Cuando salí de Cuba yo cantaba “La canción de El elegido”.

Salí de Cuba, con la firme idea de que la emigración era pan comido, llegar y besar al santo. Porque los cubanos somos más inteligentes que todos, somos más de todo que todos. ¡Coño, si es que somos cubanos!
Yo, el extraterrestre, llegué a Alemania con esa idea. Y créanme; no hay mejor lugar en el mundo real para poner a un equivocado en su sitio, para bajarle las ínfulas a un charlatán por muy cubano que este sea, que la áspera Alemania.

Tres días después de aterrizar en Berlín, en inmigración, aquella señora rolliza me soltaba en mi cara que «Alemania había llegado hasta aquí sin mí y podía seguir haciendo historia sin mi presencia, así que o me acogía al buen vivir alemán o me iba a cantar victorias en otra parte”. Así, lo dijo; sin vaselina.

O aquella otra vez, cuando en la Cámara de arquitectos de Berlín mostré orgulloso mi diploma de arquitecto cubano. Ese que recibimos escrito a mano con letra gótica, enrollado en un papel transparente y amarrado en una cinta dorada. Así todo cheo. Cuando me entregaron el documento electrónico que me acreditaba como miembro de esa cámara, entendí la razón de las carcajadas de los colegas alemanes. Silenciosamente enrollé aquel papiro que traía de La Habana y lo desaparecí en el fondo de alguna gaveta.

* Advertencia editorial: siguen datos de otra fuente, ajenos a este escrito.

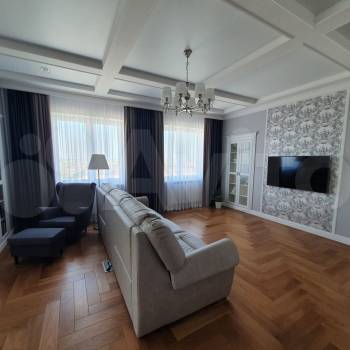 Продается 2-х комнатная квартира, 106,3 м²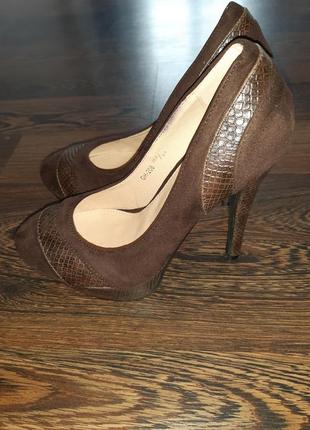 Стильні туфлі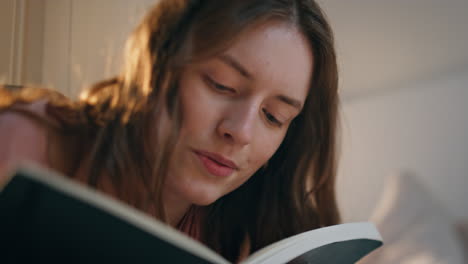 chica de primer plano estudiando en casa escribiendo un cuaderno. mujer joven enfocada tomando notas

Puedo contar los mil y un encontronazos que me fueron dando forma hasta ser el que hoy soy. Pero no vale la pena «emborronar cuartillas». Créanme, no hay mejor país que Alemania para poner en su sitio a un charlatán, por muy cubano que sea.

¿Y a qué viene esto ahora? ¿Qué tiene que ver con la foto?No sé, no tengo idea.

Me vinieron tales pensamientos a la cabeza al ver las fotos de cubanos tomando ron metidos hasta la cintura en aguas albañales. Pensé en eso al leer comentarios defensivos venidos de la isla: “los cubanos somos así”, “al buen tiempo buena cara”, “Envidia que ustedes no pueden hacerlo” me decían.
Y tienen razón. De verdad que hoy, en Alemania, no puedo bañarme en aguas albañales. Literalmente. Porque aquí aprendí que las aguas albañales y las personas van por diferentes rumbos.

Y ese es el problema, que eso lo aprendí aquí.

Hace 20 años, yo pensaba así, como esos cubanos de cara alegre de la foto. Hace 20 años yo, como ellos, no tenía idea del mundo, ni de que un mundo mejor es posible. De hecho, no sabía que un mundo mejor ya existe; que hay playas más hermosas, cielos más azules, gente más divertida pero que se divierte de otra manera.

Esa es la paradoja: ¿cómo explicarle a esos cubanos, que el mundo, como dijo el Gnomo”, empieza “donde se acaba el cielo y empieza el Sky”?